Chaque exercice relève un peu plus le niveau d’ambition et d’intégration, quelle est la trajectoire à venir, que ce soit sur les terrains de manœuvre et d’opérations ou dans les états-majors ?
COL Harvent : L’ambition va effectivement croissante, et c’est notamment visible au travers des exercices Scorpion. Du SGTIA à l’origine, nous sommes désormais parvenus au niveau du GTIA lors des trois derniers exercices. Pour Scorpion XI, nous avons intégré le niveau brigade, qui sera l’acteur majeur lors de la prochaine édition. Les Belges ont été présents dès le départ comme joueurs et comme observateurs.
Nous continuons de fournir des modules de formations pré-JTAC et transmissions. Nous avons un exercice annuel Celtic Uprise en vue, dont la préparation va démarrer et qui comprendra bien entendu une participation française. Nous espérons aussi pouvoir mener un exercice de franchissement de rivière avec des moyens français. Il y aura plusieurs périodes de camp à l’étranger pour lesquelles nous avons invité plusieurs SGTIA français, à l’image de ce qui s’est fait récemment à Bergen avec le 1er régiment d’infanterie.
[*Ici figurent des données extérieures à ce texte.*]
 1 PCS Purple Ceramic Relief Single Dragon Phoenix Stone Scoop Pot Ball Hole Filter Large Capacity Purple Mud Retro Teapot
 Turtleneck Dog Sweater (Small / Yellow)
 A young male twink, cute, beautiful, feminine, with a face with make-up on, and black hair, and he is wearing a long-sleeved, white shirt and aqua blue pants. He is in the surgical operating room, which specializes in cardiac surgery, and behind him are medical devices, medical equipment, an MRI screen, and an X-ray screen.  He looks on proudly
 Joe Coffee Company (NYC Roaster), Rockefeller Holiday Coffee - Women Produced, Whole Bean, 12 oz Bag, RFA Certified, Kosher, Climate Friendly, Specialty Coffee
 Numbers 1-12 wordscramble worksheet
Du côté français, nous participerons bien entendu à l’exercice Scorpion XII organisé en fin d’année dans les camps de Champagne. Des rotations au CENTAC et au CENZUB sont également prévues.
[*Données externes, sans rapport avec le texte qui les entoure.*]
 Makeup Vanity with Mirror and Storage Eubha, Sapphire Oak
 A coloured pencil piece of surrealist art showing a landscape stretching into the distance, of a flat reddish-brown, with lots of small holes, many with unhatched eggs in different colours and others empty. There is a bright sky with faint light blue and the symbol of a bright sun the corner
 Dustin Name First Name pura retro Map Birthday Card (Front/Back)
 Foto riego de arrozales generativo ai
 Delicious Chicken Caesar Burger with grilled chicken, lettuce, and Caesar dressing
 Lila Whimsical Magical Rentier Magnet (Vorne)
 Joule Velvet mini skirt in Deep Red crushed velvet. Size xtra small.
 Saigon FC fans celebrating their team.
Des réflexions sont en cours pour porter le rapprochement franco-belge au niveau de l’engagement opérationnel. Il est clair que la finalité du partenariat stratégique Scorpion-CaMo est opérationnelle. Chaque nation reste évidemment souveraine en matière de décision et, même si le militaire planifie, la décision politique prévaudra toujours.
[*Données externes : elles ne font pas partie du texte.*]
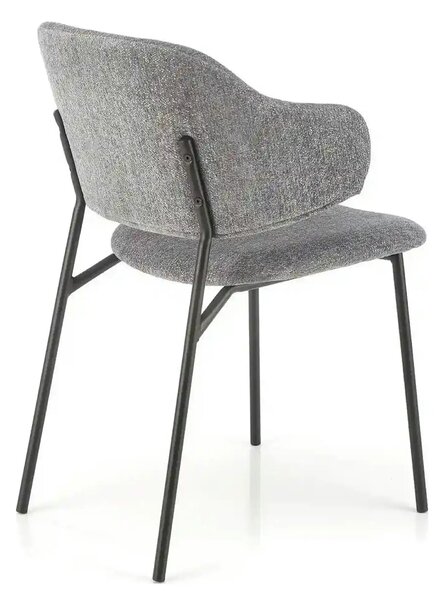 Scaun K497, gri deschis, stofa clasica/metal, 52x62x82 cm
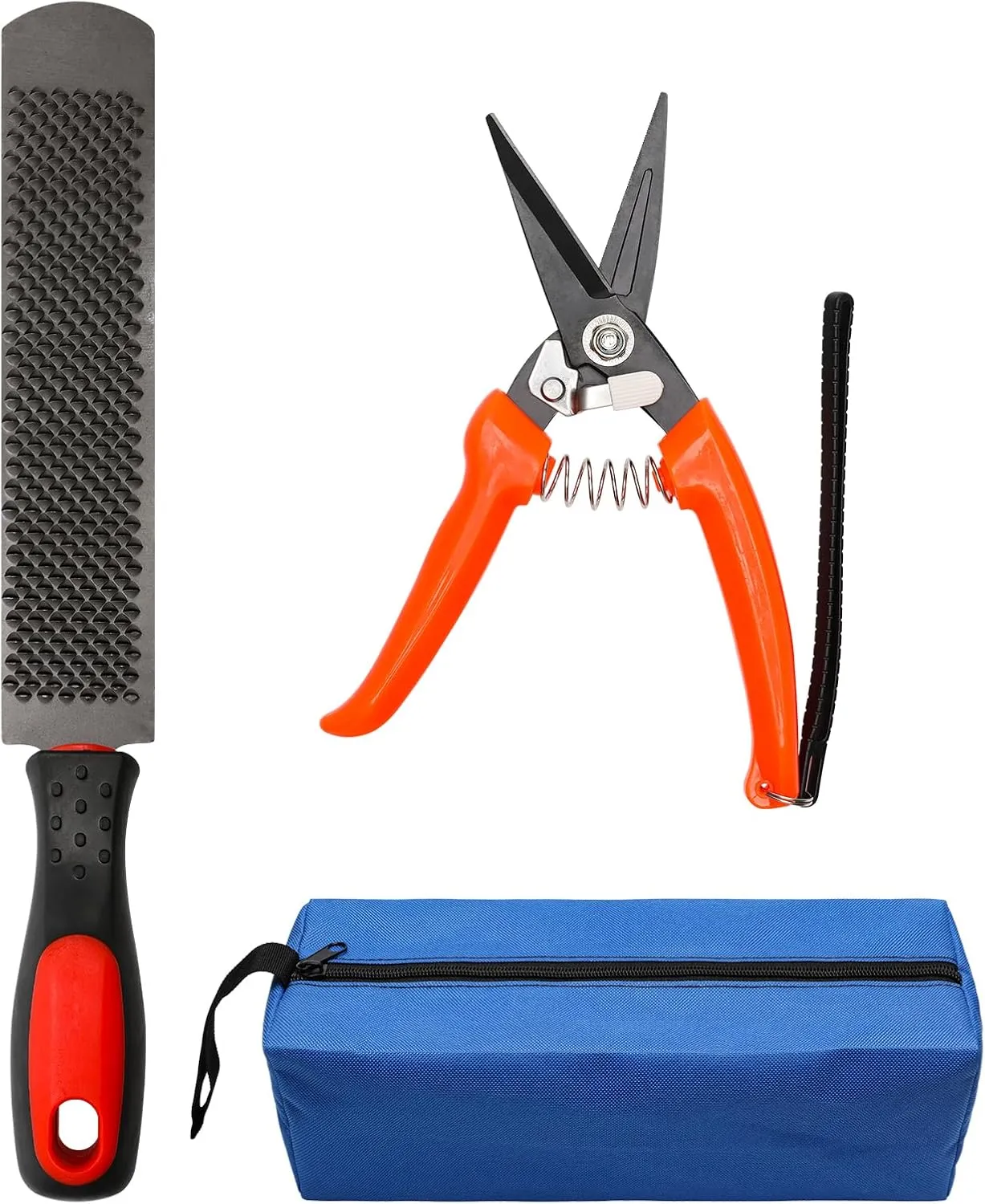 8 inch Farrier Tool Kit, Coldairsoap 3PCS Goat Hoof Trimmers with 1PCS Metal Shears, 1PCS Double-Side Long Handle Rasp, 1PCS Blue Storage Bag, Hoof Rasp File for Goat Sheep, Alpaca, Lamb, Pig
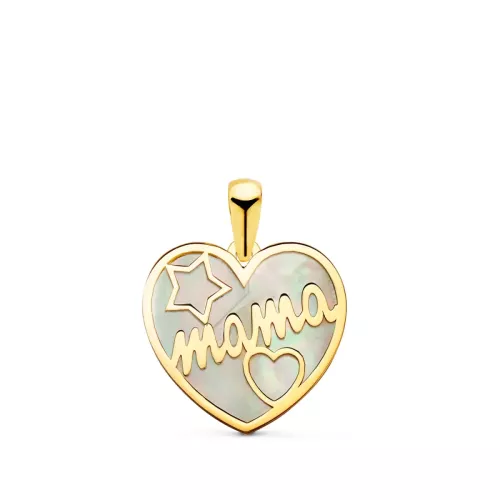 18K COLGANTE CORAZON ORO AMARILLO CON NACAR MAMA Y DIBUJO DE ESTRELLA Y CORAZON 16X14MM 0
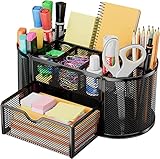 DHGKVK Schreibtisch Organizer,stiftehalter schreibtisch,Mesh Metall Desktop Büro Organizer mit 8...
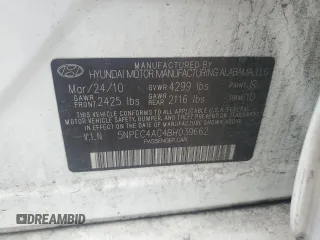2011 Hyundai Sonata Limited with VIN 5NPEC4AC4BH039662, listed as a Copart auction lot 54374195 with 168,720 mi miles and Clean Title. Bid and sale history available at DreamBid. Image 12.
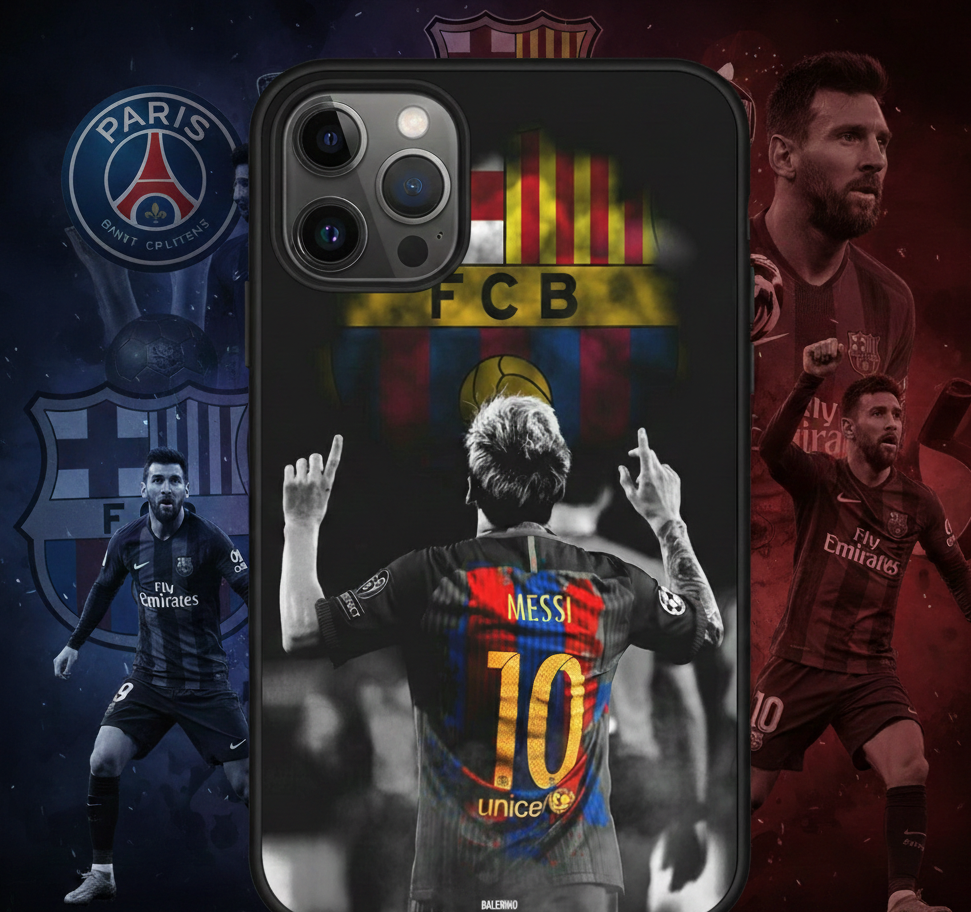 Phone case with soccer player and team logos on a dark background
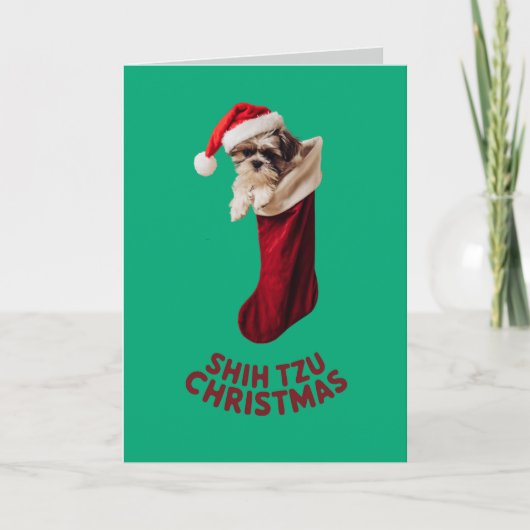Schattige Shih Tzu-hond Kerstmis Kaart (Voorkant)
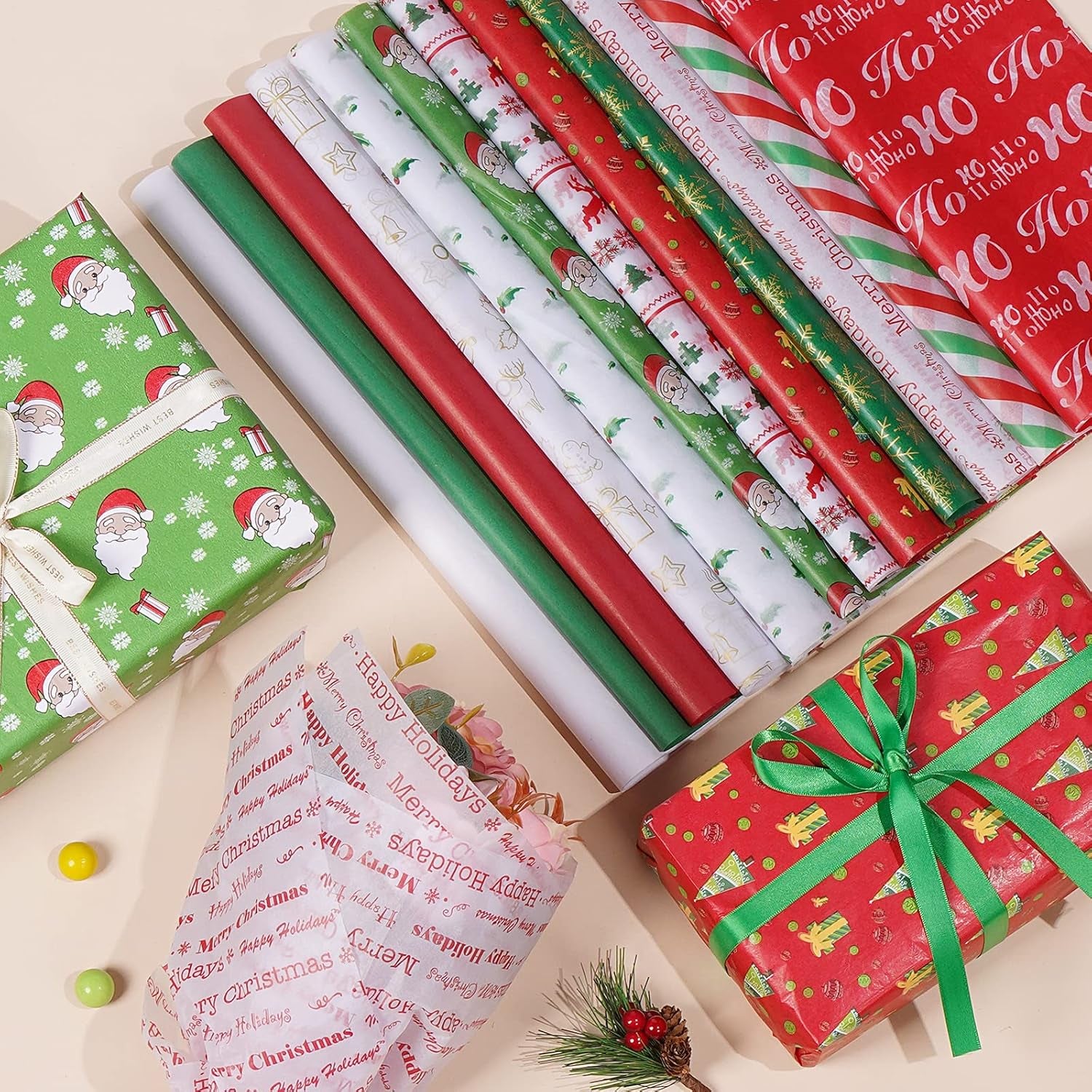 Christmas Tissue Paper, 180 Sheets 19.7" X 19.7" Xmas Wrapping Paper in 12 Different Designs Christmas Series Tissue Paper Bulk for Gift Wrapping Wine Bottles DIY Crafts Decor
Nous avons par ailleurs deux objectifs ambitieux pour 2023. Il y a tout d’abord le jalon politico-militaire de projectabilité d’une brigade interarmes, suite logique du GTIA équipé de Griffon et de SICS et déployé cette année au Sahel. L’autre objectif sera l’exercice Orion 2023, qui s’inscrit dans le processus de transformation de l’armée de Terre et la remontée en puissance de certaines de ses capacités. Chacun de ces objectifs est orienté sur un semestre différent, Orion pour le premier et la BIA pour le second. Les phases de préparation ont déjà commencé pour chacun et se poursuivent en parallèle. La partie française a demandé à la partie belge de participer à ces deux rendez-vous. La partie belge a répondu présent avec, en fonction de la structure de l’exercice, une forme encore à définir. Nous examinons aujourd’hui la participation d’un GTIA pour Orion 2023 et d’un SGTIA accompagné de ses appuis pour la BIA 2023, dont la structure doit encore être fixée.